━━ Data extract
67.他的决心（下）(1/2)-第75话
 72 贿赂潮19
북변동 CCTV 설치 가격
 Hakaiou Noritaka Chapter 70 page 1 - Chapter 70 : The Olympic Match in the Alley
━━━━
**Work item:** Set the whole listing down again, unchanged.

**Your response:**
67.他的决心（下）(1/2)-第75话
 72 贿赂潮19
북변동 CCTV 설치 가격
 Hakaiou Noritaka Chapter 70 page 1 - Chapter 70 : The Olympic Match in the Alley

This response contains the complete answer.